Adminstrative Math

Here’s some good news: an Illinois college is going to offer some adjuncts health insurance next year under the provisions of the Affordable Care Act. Most schools seem to be busily cutting hours in order to avoid the new law’s requirements. (The ACA requires that schools provide health insurance for full-time employees, defined as anyone working more than 30 hours a week.) The bad news is that the proposal is more hat than cattle.

Robert Breuder, president of DuPage, said the arrangement was a “perfect compromise,” one that allows the college to comply with the law, honor the adjuncts who make up the majority of its teaching force and still retain the cost-effectiveness and flexibility of a majority-adjunct work force. He estimated that the move would cost the college about $550,000 annually, or 0.3 percent of its operating budget, made possible by prudent college management during the past five years. But extending health care to more adjuncts would be financially “cataclysmic” to the institution, he said, particularly due to Illinois’s fiscal woes and consequent decreases in state funding. Breuder said he didn’t know how many adjuncts’ typical course loads would be cut by the new, 27-credit-hour ceiling for non-lecturers, but that the college has been trending toward hiring more adjuncts to teach lighter course loads for some time.

Bucking the Trend” Colleen Flaherty

This coverage will “honor” 45 adjuncts. Du Paul could provide health care for 90 adjuncts for less than 1% of its budget (.9%); or 180 for less than 2% (1.8%), and so on. These hardly seem like cataclysmic figures, even in the face of our state’s budget problems. I’m happy that some adjuncts’ working conditions are improving, but this is a “compromise” that is all about looking good while skirting the law so that you can continue to exploit college teachers.

Academic Nadir

I am not sure why I believe this, but I think that academia has to reach some final bottom– like a drug addict– before it can even begin to address its own recent history, particularly the steady destruction of full-time faculty positions. At some point– 50% or 75% part-time?– the problem will become so self-evident that it can no longer be ignored. I sometimes wonder if it will become evident to the public before it is self-evident to academics.
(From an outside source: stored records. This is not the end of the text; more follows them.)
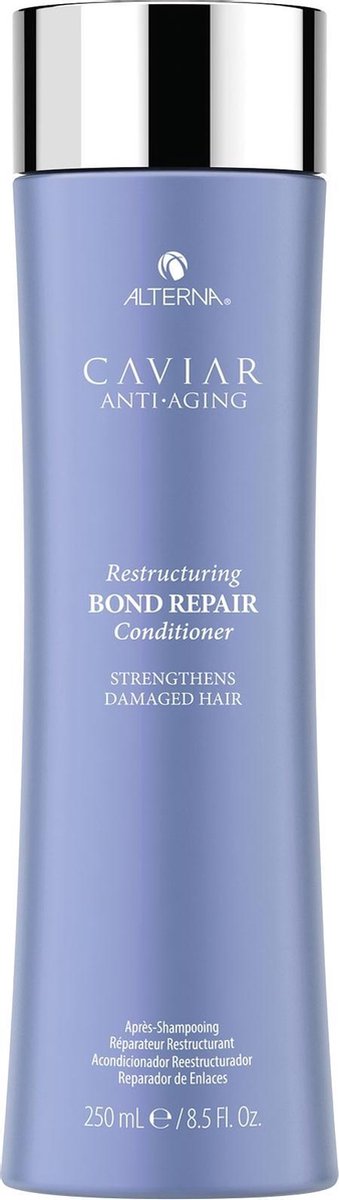 Alterna Caviar Anti-Aging - Restructuring Bond Repair Conditioner 250 ml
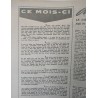Action Automobile Novembre 1956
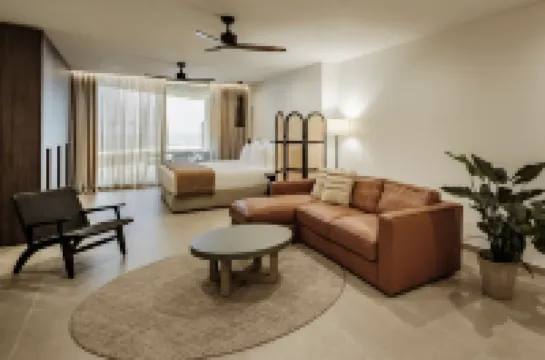 AX The Heights Residences Hotels in Rabat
It’s hyperbole, of course, to equate American teachers with an Indian caste, but this piece (“When Adjunct Faculty are the Tenure-Track’s Untouchables”) suggests that full-time faculty complicity may be one important reason change can seem so distant:

Truth is that ladder-rank faculty are growing old and we are not prepared to pick this important fight with our administrations or UCOP. We are edging towards retirement, counting our beans in our pension funds, and just holding on until we escape amidst encircling doom. Safe in retirement, many of us will tut-tut and speak of the halcyon days when ladder rank faculty were little gods with real rights.

“When Adjunct Faculty are the Tenure-Track’s Untouchables” Chris Newfield

Newfield is referring to California universities; as goes California, the saying goes, so goes the United States. The article is worth reading, although it does little more than repeat the obvious: in recent years: our fight is increasingly not simply against an administrative culture overly concerned with markets and business models but also with status-bound, complacent full-time faculty. Maybe that last complaint signals that rock bottom is closer than ever.

Educational Futures

Almost half of recent college graduates did not get jobs in their field of choice. The majority of these underemployed appear to work in the retail or restaurant industries. Among those working in the retail industry, 78 percent had desired to enter a different industry prior to graduating. Similarly, 81 percent of those graduates working in the restaurant industry had wanted to enter a different industry. This study once again showed that many of our recent graduates are currently underutilized.

McKinsey on Young College Graduates,” Will Kimball

When I worked at a public university I was always surprised to find so many professors in favor of raising tuition. Not all of them would admit it, but the consensus seemed to be that the more expensive an education becomes, the better the students. Many professors would rather send off the difficult students to the community colleges– or to a poorly paid job– than have to deal with trying to teach them.

Some students, it was commonly said, are simply not college material. The real issue isn’t about who can or cannot learn; it’s about money and time. The less well-prepared students are more expensive in every way. They need more personal attention, which means smaller class sizes, and it can be a challenge to convince them that learning is worth the time and effort. Too many people think it’s just not worth it.

This CEPR report worries me because some people will use it to argue that too many people are going to college; that college is too expensive given that we don’t need as many graduates as we already have, and so on. It’s the classic reactionary push against social progress. Maybe (now that the debt crisis is over) we ought to be expanding those fields– research, science, education itself– that require a college degree.